*Exercise prompt:* To complete this task, print all the data below exactly but leave out the images.

--- Raw data ---

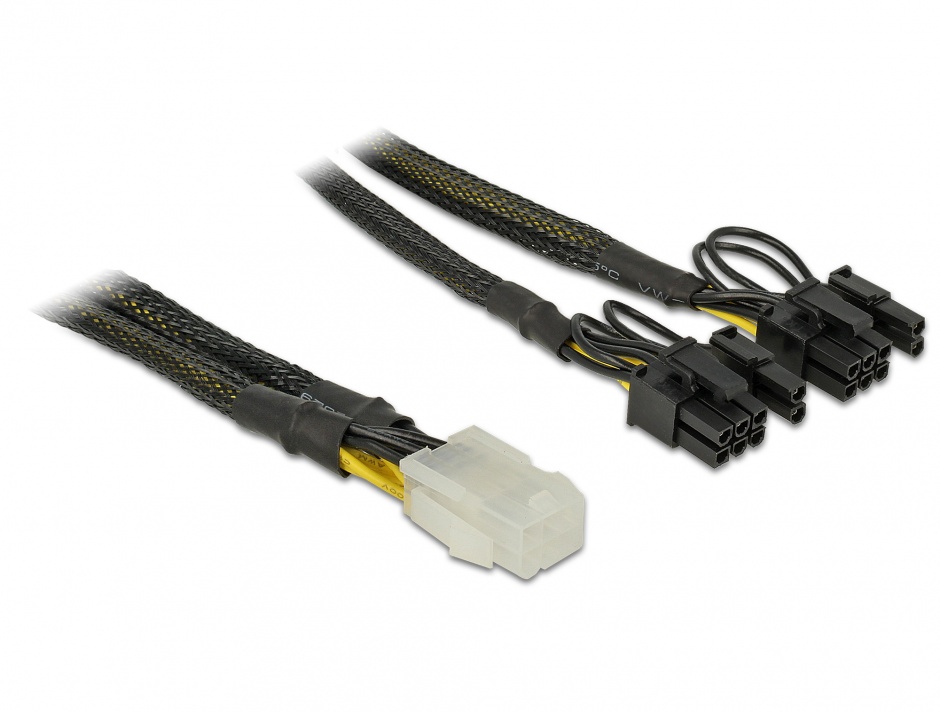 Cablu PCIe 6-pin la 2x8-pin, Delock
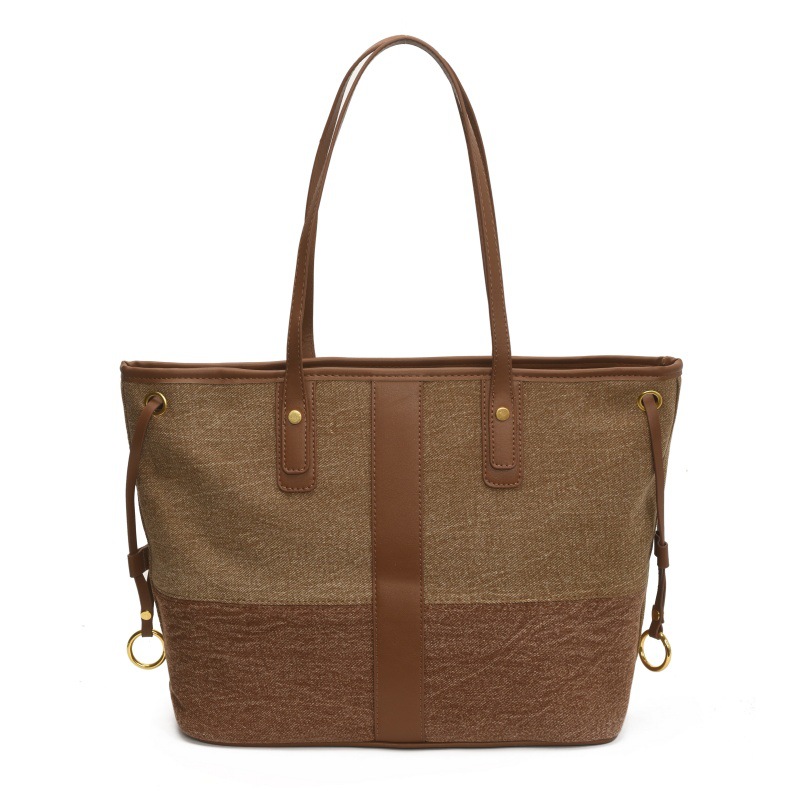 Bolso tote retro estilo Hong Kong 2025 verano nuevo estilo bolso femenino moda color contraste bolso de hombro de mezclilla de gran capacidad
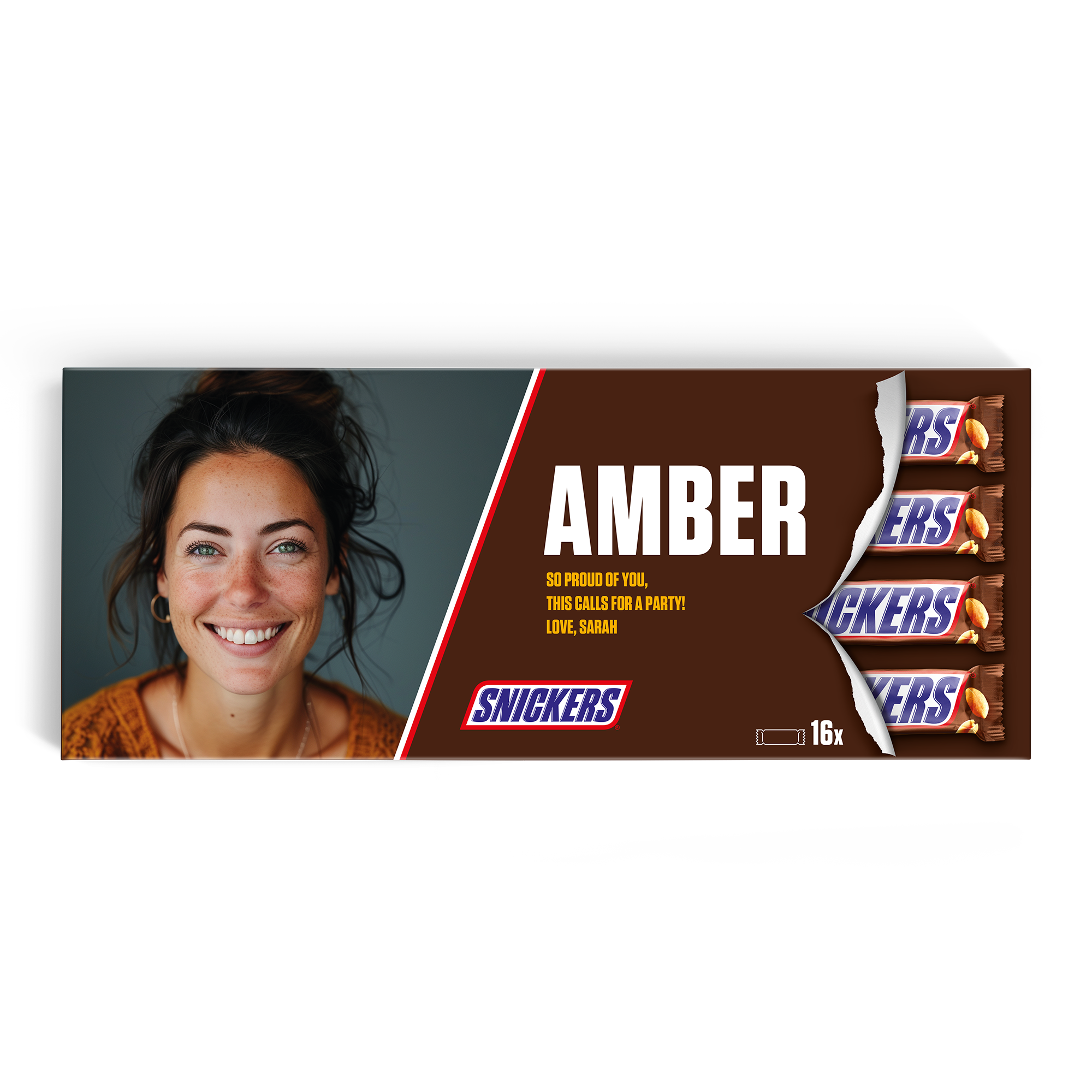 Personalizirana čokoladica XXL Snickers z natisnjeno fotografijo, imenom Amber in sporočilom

---

*Answer to the exercise:*
 Cablu PCIe 6-pin la 2x8-pin, Delock
 Bolso tote retro estilo Hong Kong 2025 verano nuevo estilo bolso femenino moda color contraste bolso de hombro de mezclilla de gran capacidad
 Personalizirana čokoladica XXL Snickers z natisnjeno fotografijo, imenom Amber in sporočilom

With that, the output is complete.